Abstract
The palladium(II) complex [(Rp,S)-COP-Cl]2 and its enantiomer catalyze the rearrangement of linear prochiral O-allyl carbamothioates under mild conditions to provide branched S-allyl carbamothioates in high yield and high enantiomeric purity.

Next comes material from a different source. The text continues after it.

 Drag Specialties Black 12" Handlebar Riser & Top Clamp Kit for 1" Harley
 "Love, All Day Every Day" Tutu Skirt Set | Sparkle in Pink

Catalytic methods for enantioselective construction of C–S bonds are less well developed than those for forming C–C, C–O, and C–N linkages. Among the most powerful methods are enantioselective palladium(0)-catalyzed displacements of allylic ester or carbonate precursors with sulfinate, thiolate, and thiocarboxylate nucleophiles and mechanistically related rearrangements of O-allyl sulfinates and carbamothioates.1–3 However, these methods are only useful for accessing products derived from symmetrically substituted η3-allylpalladium precursors because of low regioselection in the capture of unsymmetrical η3-allylpalladium intermediates by sulfur nucleophiles.2c,3
The formation of allylic sulfur compounds by [3,3]-sigmatropic rearrangements of allylic thiocarbonyl compounds, promoted thermally4 or by metal-catalyzed cyclization-induced rearrangement mechanisms,5,6 typically is not complicated by issues of regioselection. However, to date, catalytic enantioselective variants of such rearrangements have not been reported. Herein, we disclose that the commercially available palladium(II) complex [(Rp,S)-COP-Cl]2 (1)7 and its enantiomer catalyze the rearrangement of linear prochiral O-allyl carbamothioates to provide branched S-allyl carbamothioates in high yield and high enantiomeric purity, products that are readily transformed to the parent allylic thiols.3c,d
Because of the success of palladium(II) complexes of the COP family for catalyzing enantioselective [3,3]-sigmatropic rearrangements of prochiral allylic imidates to allylic amides,8 we examined the complexes depicted in Figure 1 as catalysts for the rearrangement of (E)- and (Z)-O-2-hexenyl methylxanthates 6 and 7 (Table 1).7,9 Chloride-bridged dimer [(Rp,S)-COP-Cl]2 (1) proved to be the most effective catalyst. With a catalyst loading of 1 mol %, S-methylcarbonodithioate 8 was formed in 66% ee and 90% conversion after 20 h at 40 °C from E precursor 6 (entry 1).10 As expected for a cyclization-induced rearrangement,8d the Z stereoisomer rearranged more slowly (entries 6–10).11 Again, COP complex 1 was the best of the catalysts surveyed in terms of both reaction rate and enantioselection (entry 6).
Figure 1.
COP palladium(II) catalysts.
Table 1.
Performance of Various Palladium(II) COP Catalysts in the Enantioselective Rearrangement of O-2-Hexenyl Methylxanthates 6 and 7
 | ||||
|---|---|---|---|---|
| entry | xanthatea | catalyst | convn. %b | ee %c |
| 1 | 6 | [COP-Cl]2 (1) | 90 | 66 |
| 2 | 6 | COP-acac (4) | 75 | 50 |
| 3 | 6 | [COP-OPiv]2 (3) | 42 | 31 |
| 4 | 6 | [COP-OAc]2 (2) | 45 | 30 |
| 5 | 6 | [COP-NHCOCl3]2 (5) | 35 | 10 |
| 6 | 7 | [COP-Cl]2 (1) | 27 | 50 |
| 7 | 7 | [COP-OPiv]2 (3) | 14 | 49 |
| 8 | 7 | [COP-OAc]2 (2) | 14 | 35 |
| 9 | 7 | COP-acac (4) | 12 | 10 |
| 10 | 7 | [COP-NHCOCl3]2 (5) | 5 | 6 |
Substrate concentration = 0.25 M.
At 20 h, by GC analysis.
Determined by HPLC analysis using a chiral stationary phase.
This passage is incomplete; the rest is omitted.